→ WHAT THE EXERCISE ASKS: The lines below from the one with "Pompeii 3hours Villa" up to and including the one with "This bright apartment" are what you should set down, exactly and without pictures.

→ SOURCE MATERIAL:

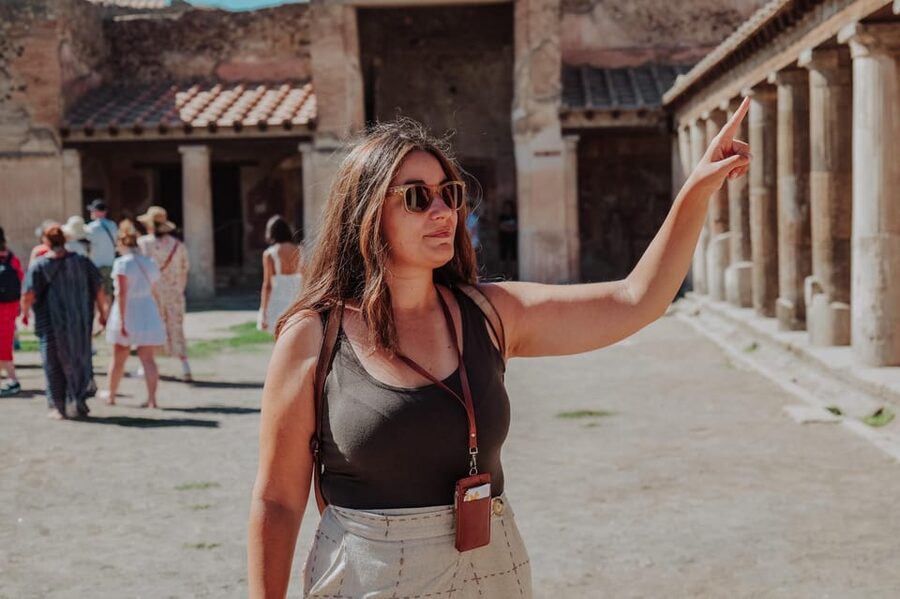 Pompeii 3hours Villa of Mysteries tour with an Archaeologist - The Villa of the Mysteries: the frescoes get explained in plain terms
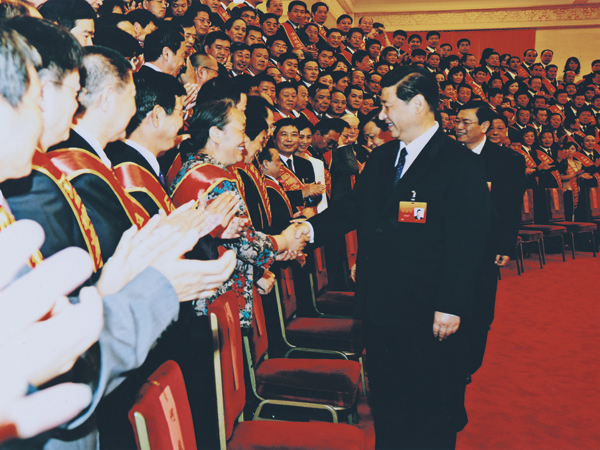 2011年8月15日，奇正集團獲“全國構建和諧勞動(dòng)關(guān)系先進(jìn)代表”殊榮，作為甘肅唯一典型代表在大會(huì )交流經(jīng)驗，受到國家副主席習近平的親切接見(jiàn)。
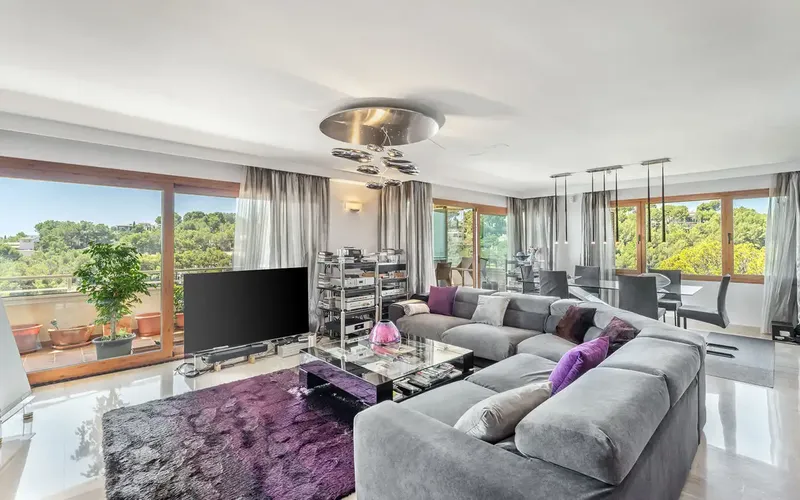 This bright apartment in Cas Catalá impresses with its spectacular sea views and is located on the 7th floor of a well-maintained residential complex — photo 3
--
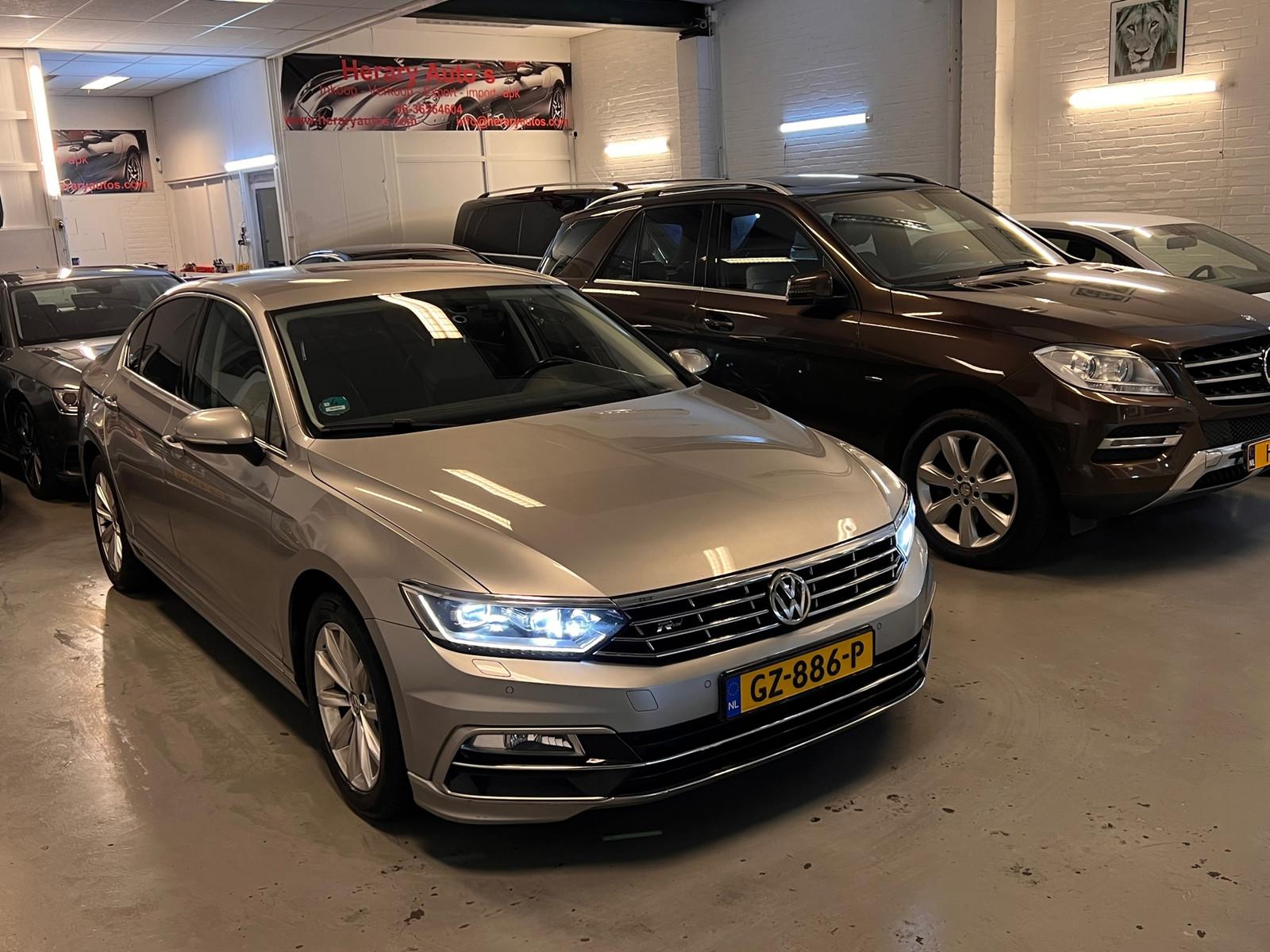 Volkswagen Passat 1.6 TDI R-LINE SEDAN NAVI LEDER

→ ANSWER TO THIS EXERCISE:
 Pompeii 3hours Villa of Mysteries tour with an Archaeologist - The Villa of the Mysteries: the frescoes get explained in plain terms
 2011年8月15日，奇正集團獲“全國構建和諧勞動(dòng)關(guān)系先進(jìn)代表”殊榮，作為甘肅唯一典型代表在大會(huì )交流經(jīng)驗，受到國家副主席習近平的親切接見(jiàn)。
 This bright apartment in Cas Catalá impresses with its spectacular sea views and is located on the 7th floor of a well-maintained residential complex — photo 3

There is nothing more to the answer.